The Derbyshire Wye is a wonderful river with healthy populations of wild brown and rainbow trout, and with fly life as varied and prolific as it was on most rivers before the Second World War. The rainbow trout prefer fast, white water; the browns tend to live in the glides. It was early afternoon on a balmy, early-June day, with thin cloud cover and a soft south-westerly breeze. I came round a corner of the river and there ahead of me was a low weir with fizzing white water bouncing and bubbling for five yards or so below it. There was a good hatch of Mayfly developing and half a dozen decent fish were rising busily in the foam. “A piece of cake,” I thought. “I’ll have a leisurely sandwich and a can of beer, munch an apple and then catch the lot of them, one after the other.” So confident was I that I almost felt sorry for them.

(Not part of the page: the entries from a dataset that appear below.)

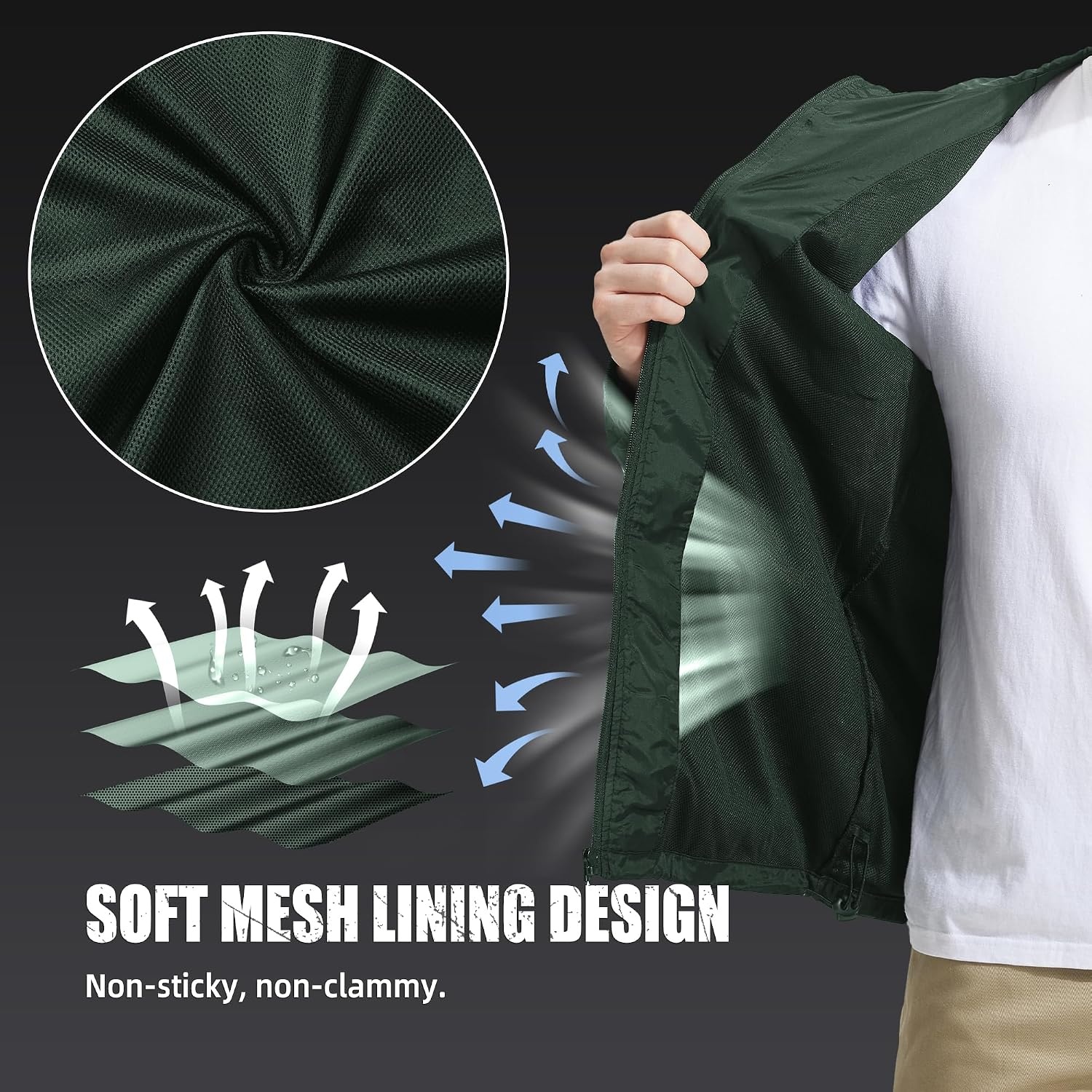 image:imageZITY Mens Rain Jacket Waterproof Lightweight Rain Coat Packable WindbreakerGreen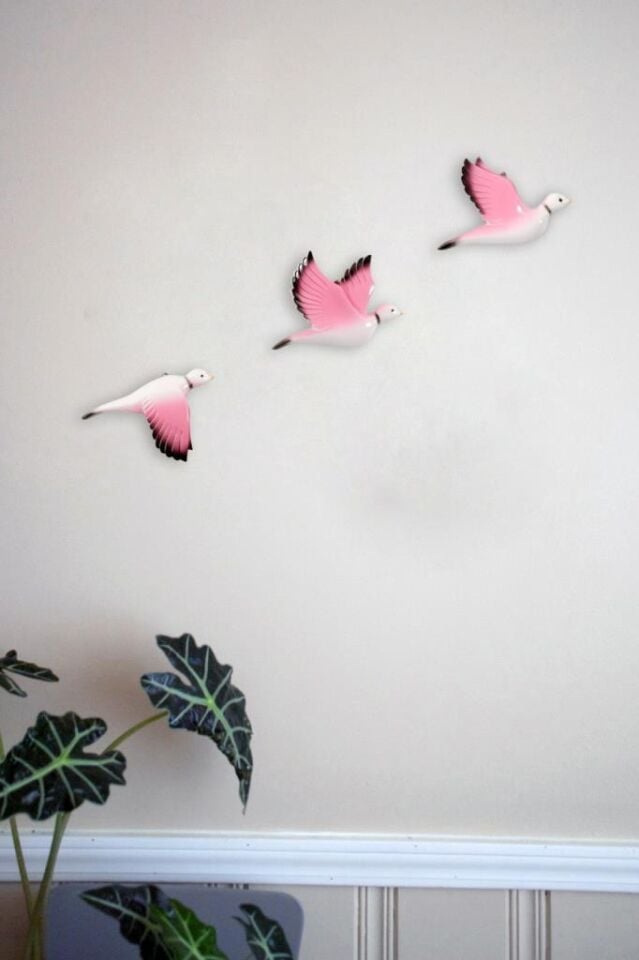 Dekoratif Üçlü Güvercin Duvar Süsü Üçlü Kuş Ev Dekoru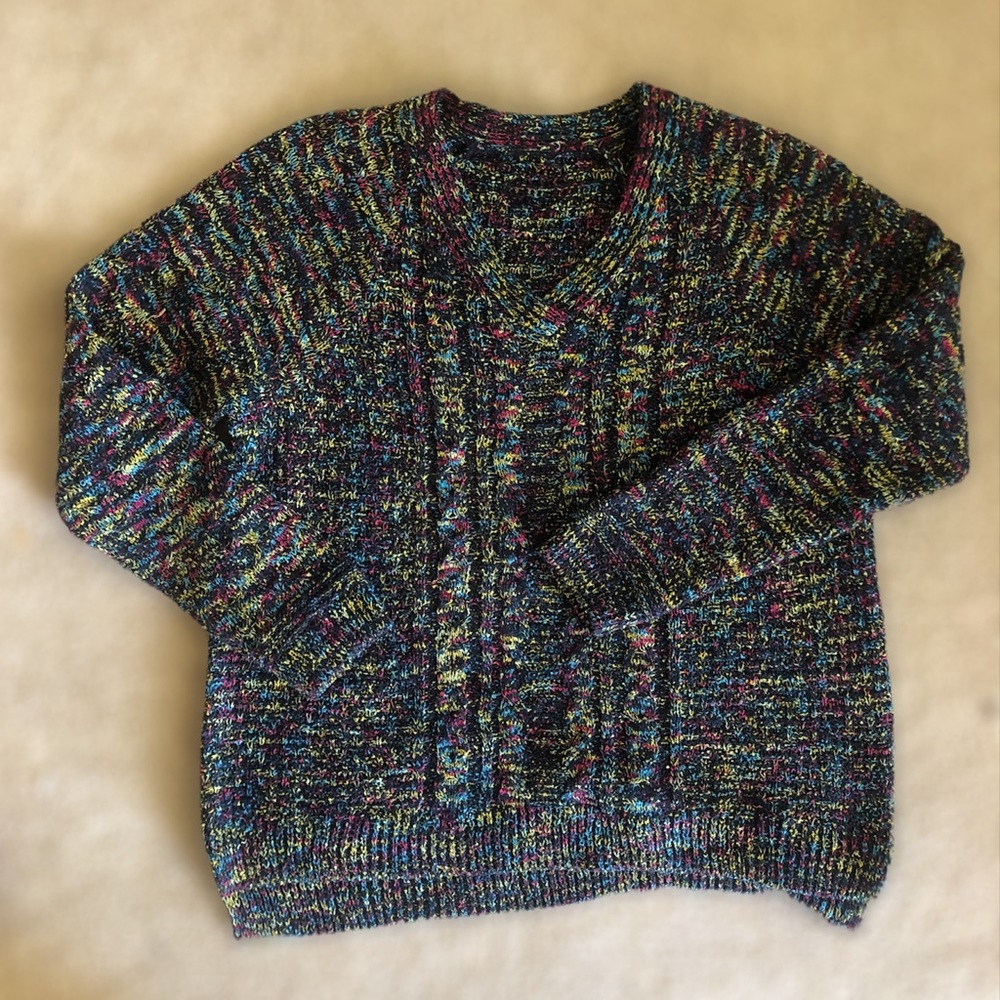 Time and Tru Cable Knit Rainbow V-neck Sweater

When I had finished my picnic, I checked my leader and tied on a new Poly May Dun – by far the most reliable Mayfly pattern I know – and paddled quietly into position 10-15 yards below the nearest fish. The first cast landed perfectly, the fly settling neatly onto the water about 18in ahead of the fish, which ignored it completely but kept on rising. I cast again – and again – and again. No reaction of any sort; the fish just kept on rising. I tried another fish with precisely the same result, and then another. I neither put any of them down nor elicited the slightest interest from them. It was frustrating, and the frustration was beginning to make my casting just a tad ragged when Phil White, an old friend, came round the corner behind me. I told him what had been happening. He watched the water for a few moments. “But they’re not taking Mayflies,” he said, “they’re taking either medium olives or small spurwings.”

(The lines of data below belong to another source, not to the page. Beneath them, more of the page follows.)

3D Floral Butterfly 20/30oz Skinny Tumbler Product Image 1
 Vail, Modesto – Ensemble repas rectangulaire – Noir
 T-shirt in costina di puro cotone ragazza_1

I replaced the Poly May Dun with a size 16 Thorax Olive Dun and, to make a short story shorter, caught and released four of the fish in about ten casts – beautiful, fit, fierce, deep-bellied rainbows of between 1½ and 2lb, each of them with the give-away white leading edges to their pelvic and anal fins which mark them out as truly wild.
The Yellowstone River proper begins in Wyoming where its North and South Forks converge. It then flows northward through Yellowstone National Park, feeding and draining Lake Yellowstone. Flowing out of the northern boundary of the park, it heads north-westwards through the Rockies before turning north-eastwards near Livingstone where it begins its 500-mile trek through the length of Montana, eventually joining the Missouri near Buford in North Dakota. Yellowstone National Park is high on the list of the world’s great natural wonders. My wife and I spent a week there in early September last year, chiefly to see some of its extraordinary geography and wildlife. For substantial areas within the park, the ground burps and wobbles, and geysers spew forth astonishing amounts of steam and water. The aptly named Old Faithful is the best known of them, but there are countless others. And the park is home to grizzlies and black bears, elk, moose, bison, pronghorn and black-tailed deer, wolves, coyote, river otters, bald eagles, trumpeter swans and numerous other species, including the cutthroat trout that are native to its rivers.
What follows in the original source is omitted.